Pricing for a high-value compound like this isn’t arbitrary. Raw materials, labor, energy, regulatory oversight, and infrastructure investment all contribute. We avoid price jumps through long-term supplier contracts, shifting batch sizes based on real demand, and regular efficiency reviews on plant operations. Those elements seem behind the scenes but directly affect both our competitiveness and our ability to deliver reliably through tough market cycles.
We work transparently with partners on scheduling and capacity planning, giving open lead time updates and early warning on potential stock constraints. In past years, supply disruptions drove many competitors to ration or substitute. Our record of delivery, even in rough cycles, draws from preparations made by staff who forecast, negotiate, and communicate across the industry chain daily.
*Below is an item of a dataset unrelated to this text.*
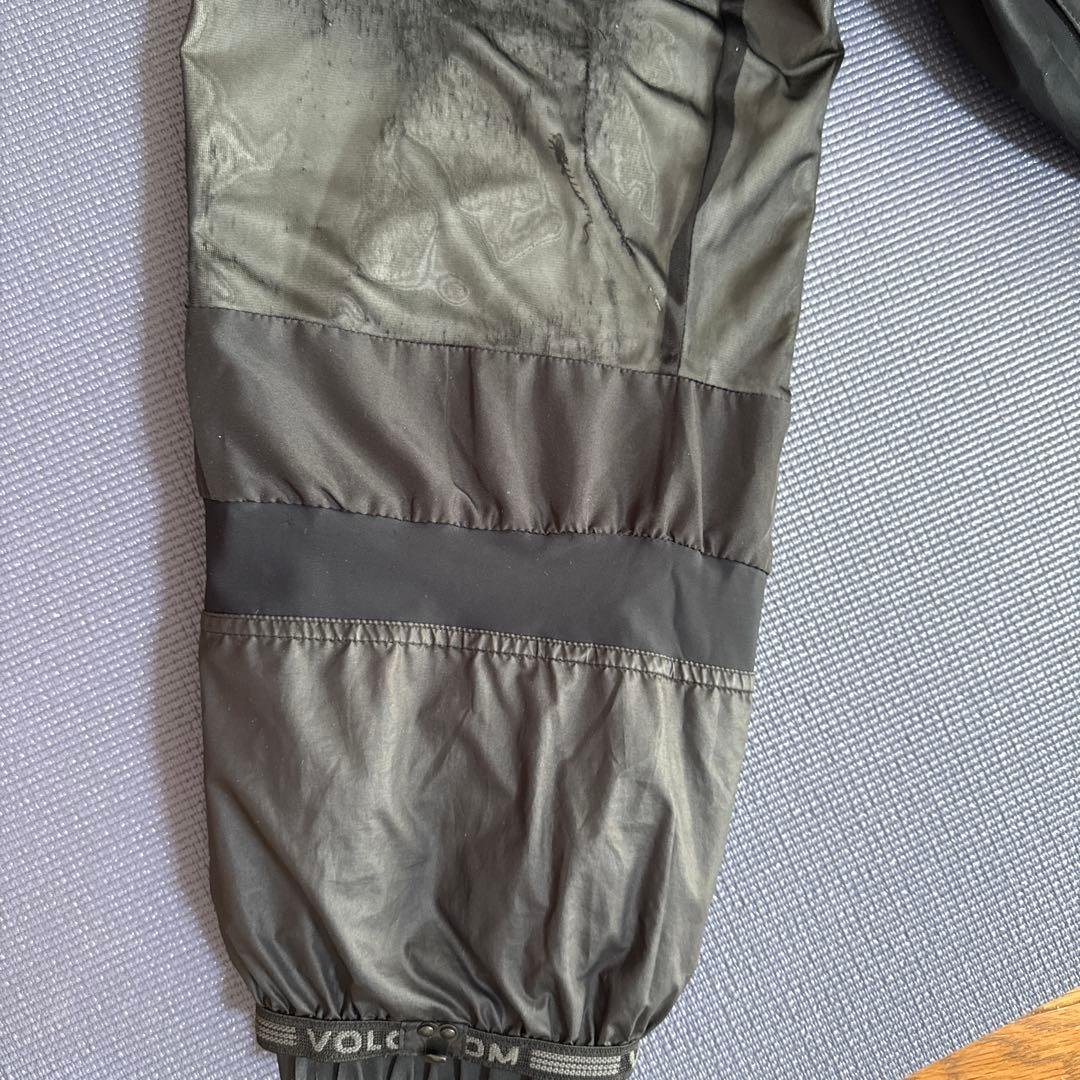 VOLCOM GORE-TEX スノーボードパンツ　Sサイズ（US規格）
Years spent in this field make it clear – specialty chemicals remain markets of trust. When a partner’s research program hinges on steady input of a tricky molecule, small gaps in quality ripple through project timelines and budgets. By maintaining every link from process chemistry to logistics, we enable innovation, not just supply, for those who rely on us. Success here relies on more than technical purity. It comes from respecting the stakes of each partner's work and responding with diligence and resolve.
From the bench chemist fine-tuning a yield to the operator walking the floor checking every vessel, our team emphasizes results that show up in practice, not only on a spec sheet. The high bar set for our 4-[4-[[[[4-chloro-3-(trifluoromethyl)phenyl]amino]carbonyl]amino]phenoxy]-N-methyl-2-pyridinecarboxamide comes from lessons learned batch after batch, through periods of scarcity and expansion alike. Each bottle carries that legacy from our facility to labs and plants worldwide.